Assignment. Every line below from the one containing "Jiawu Monitor de" through the one containing "홍익인간 ㄱ자 행거 옷걸이 스탠드 철제 드레스, 화이트 1개" must be transcribed exactly. Omit all lines outside that stretch.

Source material.
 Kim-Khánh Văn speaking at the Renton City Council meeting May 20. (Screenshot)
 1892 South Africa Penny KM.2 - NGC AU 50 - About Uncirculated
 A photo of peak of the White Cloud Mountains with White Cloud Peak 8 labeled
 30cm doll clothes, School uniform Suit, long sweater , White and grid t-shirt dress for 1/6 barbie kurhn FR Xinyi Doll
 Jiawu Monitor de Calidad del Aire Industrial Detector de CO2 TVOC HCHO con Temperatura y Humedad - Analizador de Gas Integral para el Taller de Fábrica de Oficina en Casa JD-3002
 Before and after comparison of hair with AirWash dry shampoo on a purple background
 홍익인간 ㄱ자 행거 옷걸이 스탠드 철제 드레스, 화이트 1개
---
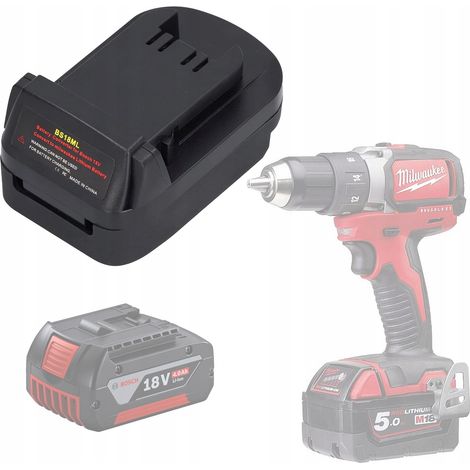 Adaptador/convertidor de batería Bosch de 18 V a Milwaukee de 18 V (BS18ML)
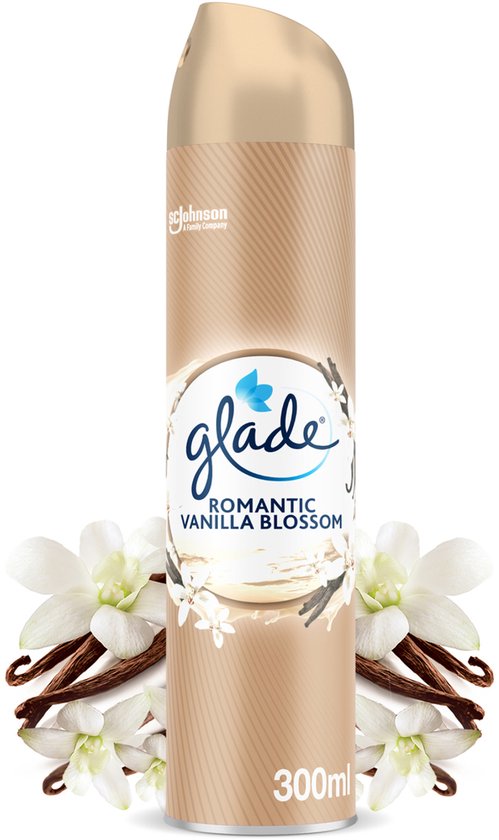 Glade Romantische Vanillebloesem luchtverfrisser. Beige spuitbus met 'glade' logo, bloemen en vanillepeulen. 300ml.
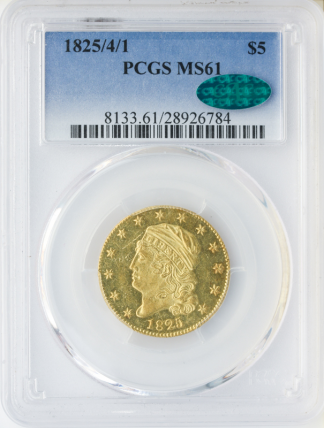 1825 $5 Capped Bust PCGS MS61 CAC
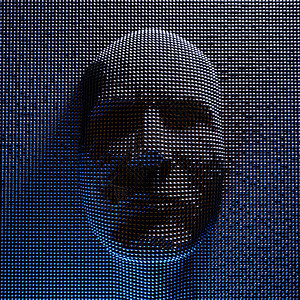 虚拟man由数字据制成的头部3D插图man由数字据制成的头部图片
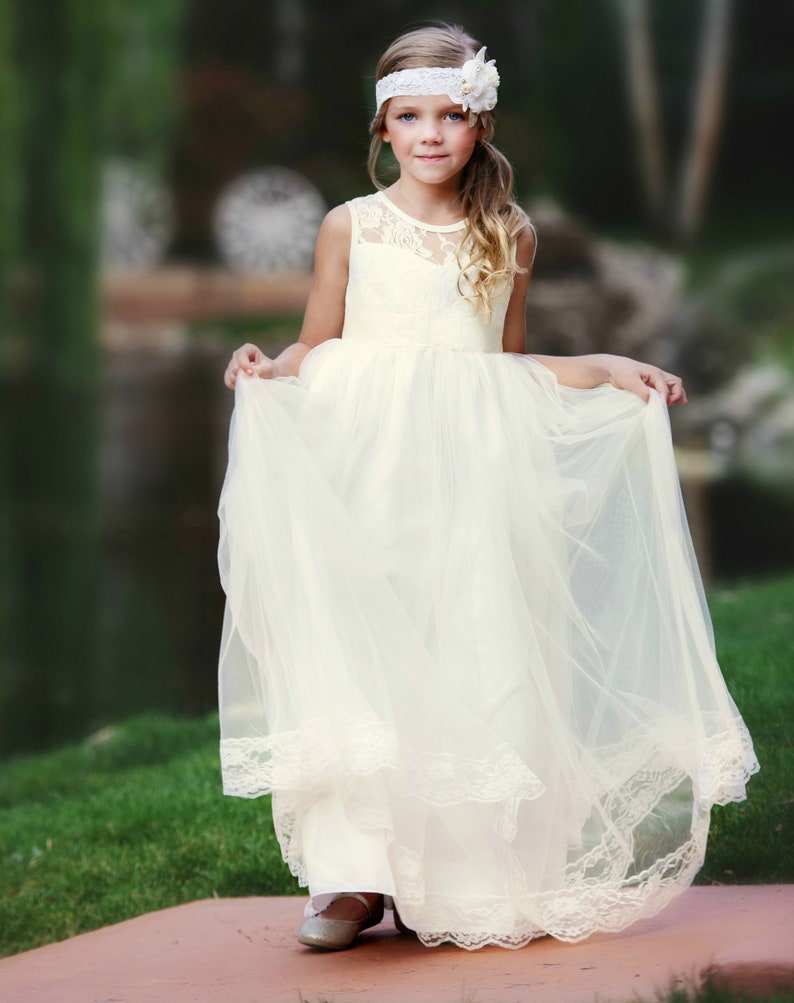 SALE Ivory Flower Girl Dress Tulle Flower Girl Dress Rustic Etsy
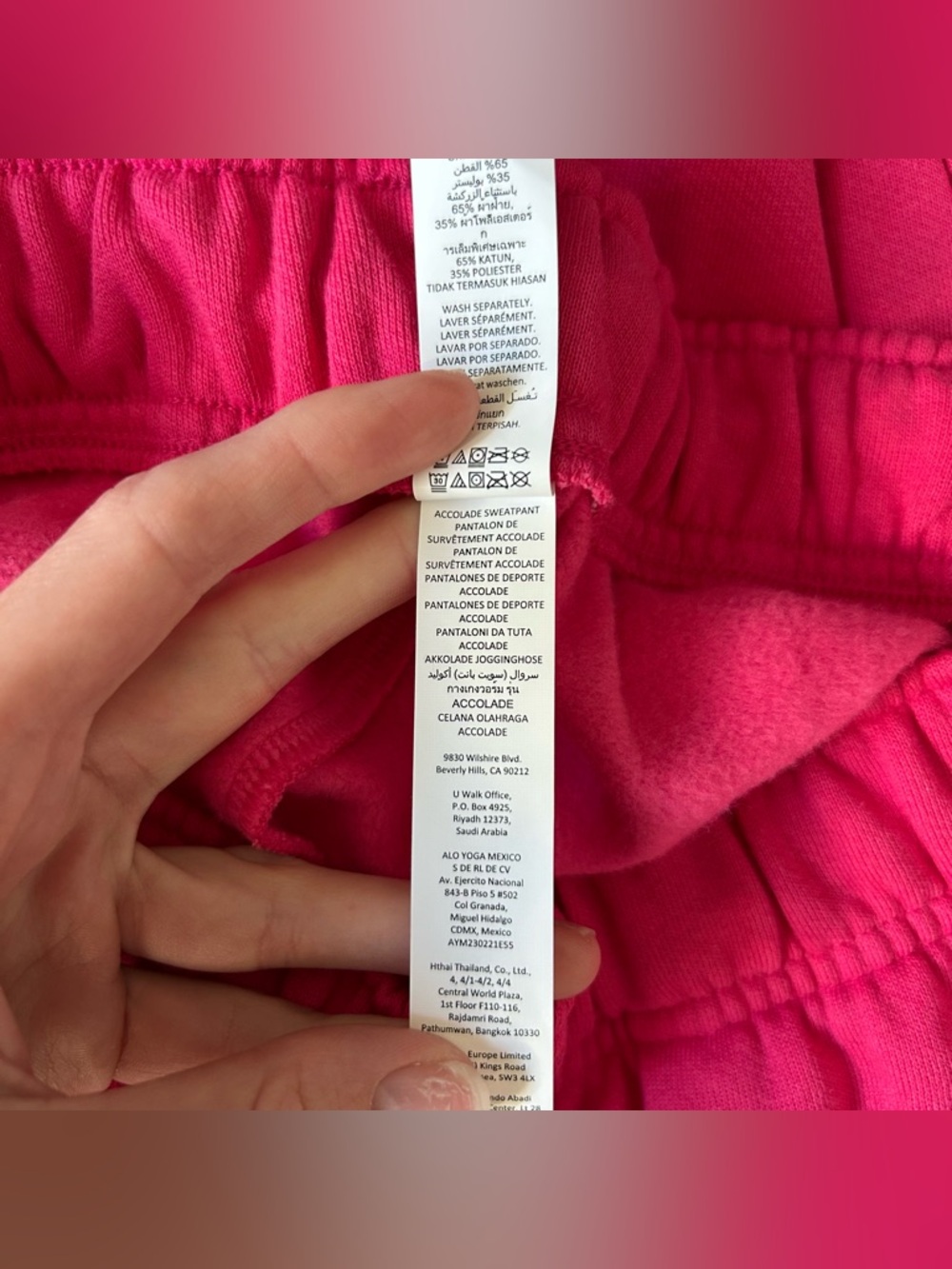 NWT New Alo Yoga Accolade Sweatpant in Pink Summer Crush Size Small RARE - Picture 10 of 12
...
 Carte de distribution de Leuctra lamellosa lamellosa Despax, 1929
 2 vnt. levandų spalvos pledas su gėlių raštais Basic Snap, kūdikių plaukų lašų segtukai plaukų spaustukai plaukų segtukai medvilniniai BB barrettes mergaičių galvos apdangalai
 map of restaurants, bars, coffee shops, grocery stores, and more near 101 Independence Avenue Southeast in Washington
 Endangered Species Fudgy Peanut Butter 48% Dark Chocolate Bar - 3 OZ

Exercise response.
 Jiawu Monitor de Calidad del Aire Industrial Detector de CO2 TVOC HCHO con Temperatura y Humedad - Analizador de Gas Integral para el Taller de Fábrica de Oficina en Casa JD-3002
 Before and after comparison of hair with AirWash dry shampoo on a purple background
 홍익인간 ㄱ자 행거 옷걸이 스탠드 철제 드레스, 화이트 1개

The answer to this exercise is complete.